Seth laughed. The buckets felt heavy already; he’d grown used to walking for days with a pack of tools and provisions on his back, but having these sloshing weights dangling from his arms made every step arduous.
Theo said, «It’s a joint certification. You’re not there solely as my scribe, and I’m not
there merely as your Sider.»
«I know.» But it still wounded Seth’s pride a little to acknowledge that while Theo could have passed the exams with any idiot writing down his answers, he would have been struggling to do the same, unaided.
«I’m just glad we can sleep until dawn tomorrow,» Theo declared. «That alone should be enough to tip the balance.»
as seth wandered through the crowded hall, he saw the same expression of dazed relief on face after face. Caught in the yellow lamplight or etched by Theo’s pings, everyone looked amazed by their good fortune. But even some of the students who he knew had failed to graduate appeared strangely satisfied. Perhaps they were glad to have been spared from a career that they’d never really wanted in the first place.
He found Sarah and Judith beside one of the buffet tables, chatting with a group of people. He recognized a few of them: they’d been in a class ahead of his own, a while back, so presumably they were working surveyors now.
Judith made the introductions, and everyone offered their congratulations to him and to Theo.
“Where have you been out to lately?” Seth asked, directing his words at no one in particular so that whoever had the most interesting answer would feel free to respond.

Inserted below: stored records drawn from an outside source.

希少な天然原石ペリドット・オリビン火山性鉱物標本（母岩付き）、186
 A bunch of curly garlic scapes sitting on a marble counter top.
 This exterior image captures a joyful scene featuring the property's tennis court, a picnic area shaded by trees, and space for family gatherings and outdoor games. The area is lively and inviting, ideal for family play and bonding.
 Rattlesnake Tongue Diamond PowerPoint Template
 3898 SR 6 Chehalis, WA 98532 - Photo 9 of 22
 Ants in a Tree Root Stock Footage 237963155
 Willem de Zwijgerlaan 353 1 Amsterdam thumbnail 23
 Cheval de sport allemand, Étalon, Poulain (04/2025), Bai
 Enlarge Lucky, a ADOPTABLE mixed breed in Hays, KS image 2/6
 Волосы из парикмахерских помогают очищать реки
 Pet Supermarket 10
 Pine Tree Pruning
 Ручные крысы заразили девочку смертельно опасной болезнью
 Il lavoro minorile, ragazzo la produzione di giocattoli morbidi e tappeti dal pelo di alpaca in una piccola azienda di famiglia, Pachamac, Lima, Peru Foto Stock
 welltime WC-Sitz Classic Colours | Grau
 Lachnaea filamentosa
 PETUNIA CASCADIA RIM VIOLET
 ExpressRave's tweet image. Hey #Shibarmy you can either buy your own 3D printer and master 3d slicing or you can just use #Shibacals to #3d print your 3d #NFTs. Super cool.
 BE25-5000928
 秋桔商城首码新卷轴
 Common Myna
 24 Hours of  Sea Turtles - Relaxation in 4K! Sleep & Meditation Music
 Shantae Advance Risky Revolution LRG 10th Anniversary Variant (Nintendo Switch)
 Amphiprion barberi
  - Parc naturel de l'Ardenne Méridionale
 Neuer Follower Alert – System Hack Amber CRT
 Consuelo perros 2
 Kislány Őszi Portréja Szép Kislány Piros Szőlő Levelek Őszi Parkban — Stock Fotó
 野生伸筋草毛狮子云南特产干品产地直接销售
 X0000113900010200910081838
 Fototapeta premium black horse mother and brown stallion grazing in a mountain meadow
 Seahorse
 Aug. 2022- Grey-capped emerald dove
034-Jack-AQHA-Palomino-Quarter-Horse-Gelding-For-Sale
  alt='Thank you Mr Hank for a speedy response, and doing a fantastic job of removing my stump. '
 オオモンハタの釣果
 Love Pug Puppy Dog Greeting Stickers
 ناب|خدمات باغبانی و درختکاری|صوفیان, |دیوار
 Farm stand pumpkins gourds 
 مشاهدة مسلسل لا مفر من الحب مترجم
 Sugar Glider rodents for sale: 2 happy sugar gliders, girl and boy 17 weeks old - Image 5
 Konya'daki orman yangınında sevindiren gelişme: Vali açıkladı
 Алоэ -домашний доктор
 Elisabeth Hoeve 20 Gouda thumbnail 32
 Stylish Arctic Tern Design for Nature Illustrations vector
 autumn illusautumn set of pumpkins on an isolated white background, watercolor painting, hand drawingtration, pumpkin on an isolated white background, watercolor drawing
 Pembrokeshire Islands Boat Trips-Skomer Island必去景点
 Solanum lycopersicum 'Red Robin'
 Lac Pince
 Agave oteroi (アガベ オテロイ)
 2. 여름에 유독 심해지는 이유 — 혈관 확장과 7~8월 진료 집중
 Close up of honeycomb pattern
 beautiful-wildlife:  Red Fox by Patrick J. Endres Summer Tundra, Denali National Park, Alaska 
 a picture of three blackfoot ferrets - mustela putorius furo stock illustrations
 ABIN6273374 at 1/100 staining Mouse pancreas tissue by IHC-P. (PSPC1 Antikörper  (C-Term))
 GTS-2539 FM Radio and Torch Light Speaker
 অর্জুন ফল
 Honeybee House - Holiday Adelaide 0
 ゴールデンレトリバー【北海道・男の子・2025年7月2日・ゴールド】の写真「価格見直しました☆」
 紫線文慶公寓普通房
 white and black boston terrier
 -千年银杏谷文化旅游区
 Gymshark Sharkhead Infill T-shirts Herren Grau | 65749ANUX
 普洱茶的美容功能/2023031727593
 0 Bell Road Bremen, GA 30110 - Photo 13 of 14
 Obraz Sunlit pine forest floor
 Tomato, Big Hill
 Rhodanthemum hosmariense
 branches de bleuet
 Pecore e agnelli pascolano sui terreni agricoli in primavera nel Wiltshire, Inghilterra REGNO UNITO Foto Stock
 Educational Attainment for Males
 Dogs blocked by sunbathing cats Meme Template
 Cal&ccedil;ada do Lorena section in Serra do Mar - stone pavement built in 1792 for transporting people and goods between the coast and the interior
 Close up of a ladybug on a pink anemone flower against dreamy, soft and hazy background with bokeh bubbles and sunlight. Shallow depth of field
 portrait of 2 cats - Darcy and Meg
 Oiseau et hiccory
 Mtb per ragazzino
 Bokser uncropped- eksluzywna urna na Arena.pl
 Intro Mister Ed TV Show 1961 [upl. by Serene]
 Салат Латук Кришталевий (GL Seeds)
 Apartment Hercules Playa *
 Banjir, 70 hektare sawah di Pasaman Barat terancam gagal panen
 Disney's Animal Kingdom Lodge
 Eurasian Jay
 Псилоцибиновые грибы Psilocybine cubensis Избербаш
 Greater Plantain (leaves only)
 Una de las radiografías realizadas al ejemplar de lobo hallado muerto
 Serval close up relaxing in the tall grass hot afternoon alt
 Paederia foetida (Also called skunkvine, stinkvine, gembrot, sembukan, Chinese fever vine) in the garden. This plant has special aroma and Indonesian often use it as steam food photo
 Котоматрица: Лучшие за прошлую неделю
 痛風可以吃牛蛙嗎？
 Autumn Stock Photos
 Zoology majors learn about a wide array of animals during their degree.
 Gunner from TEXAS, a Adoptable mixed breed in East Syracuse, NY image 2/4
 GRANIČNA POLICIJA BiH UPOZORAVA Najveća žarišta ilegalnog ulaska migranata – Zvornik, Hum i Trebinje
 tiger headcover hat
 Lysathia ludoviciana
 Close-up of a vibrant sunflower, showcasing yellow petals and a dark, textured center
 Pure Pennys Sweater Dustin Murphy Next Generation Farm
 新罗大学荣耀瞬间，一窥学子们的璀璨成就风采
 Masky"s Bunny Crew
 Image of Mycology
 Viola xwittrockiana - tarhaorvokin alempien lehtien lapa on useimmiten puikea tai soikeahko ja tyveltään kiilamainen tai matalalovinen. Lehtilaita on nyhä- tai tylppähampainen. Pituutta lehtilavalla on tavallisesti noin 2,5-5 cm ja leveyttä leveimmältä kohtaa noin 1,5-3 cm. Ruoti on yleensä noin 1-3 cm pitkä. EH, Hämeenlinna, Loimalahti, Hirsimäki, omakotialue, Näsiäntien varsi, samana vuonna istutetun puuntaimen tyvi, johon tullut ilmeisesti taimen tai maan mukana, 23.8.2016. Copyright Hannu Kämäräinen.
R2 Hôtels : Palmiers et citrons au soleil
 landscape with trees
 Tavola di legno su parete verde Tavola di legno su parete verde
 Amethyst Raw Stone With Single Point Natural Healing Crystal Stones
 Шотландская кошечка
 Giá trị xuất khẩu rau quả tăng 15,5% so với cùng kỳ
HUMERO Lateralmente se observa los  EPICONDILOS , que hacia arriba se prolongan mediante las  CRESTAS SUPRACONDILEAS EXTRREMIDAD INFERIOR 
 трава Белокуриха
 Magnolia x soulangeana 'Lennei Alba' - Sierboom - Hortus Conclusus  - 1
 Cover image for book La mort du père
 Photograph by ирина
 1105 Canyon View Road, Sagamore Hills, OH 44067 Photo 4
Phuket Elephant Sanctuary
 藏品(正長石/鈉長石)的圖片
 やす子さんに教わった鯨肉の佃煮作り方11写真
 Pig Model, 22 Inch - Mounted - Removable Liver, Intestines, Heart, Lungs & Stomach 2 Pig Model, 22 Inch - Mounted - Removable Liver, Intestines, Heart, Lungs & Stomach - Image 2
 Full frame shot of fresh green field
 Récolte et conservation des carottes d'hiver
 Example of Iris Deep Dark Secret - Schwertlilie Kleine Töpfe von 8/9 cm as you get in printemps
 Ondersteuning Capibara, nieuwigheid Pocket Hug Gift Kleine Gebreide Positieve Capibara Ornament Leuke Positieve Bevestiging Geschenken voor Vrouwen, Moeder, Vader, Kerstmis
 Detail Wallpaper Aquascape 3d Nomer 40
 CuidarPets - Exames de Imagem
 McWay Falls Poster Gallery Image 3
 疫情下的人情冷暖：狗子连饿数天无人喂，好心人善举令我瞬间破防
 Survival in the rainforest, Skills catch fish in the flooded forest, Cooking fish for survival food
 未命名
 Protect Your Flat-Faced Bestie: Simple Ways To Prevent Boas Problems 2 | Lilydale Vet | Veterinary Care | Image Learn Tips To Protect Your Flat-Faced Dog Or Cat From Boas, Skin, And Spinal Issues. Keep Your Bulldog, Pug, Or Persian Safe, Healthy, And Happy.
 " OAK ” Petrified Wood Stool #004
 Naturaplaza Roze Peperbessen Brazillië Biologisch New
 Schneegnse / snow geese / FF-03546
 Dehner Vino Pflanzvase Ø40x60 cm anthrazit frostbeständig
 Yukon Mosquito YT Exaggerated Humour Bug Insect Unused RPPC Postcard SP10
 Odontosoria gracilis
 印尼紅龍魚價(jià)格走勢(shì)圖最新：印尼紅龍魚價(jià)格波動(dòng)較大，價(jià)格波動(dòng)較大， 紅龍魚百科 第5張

“The northern steamlands,” Raina replied.
“The steamlands? You mean you came close?”
“I mean we went in.”
Seth had never heard of an expedition entering the steamlands—not since ancient times, when people had been naïve enough to imagine that summer might be finite and traversable, and hoped to return with news of milder climes on the other side. But once the temperature at noon reached the point where water could simply vanish into the air, by any sane definition you’d left the habitable zone behind.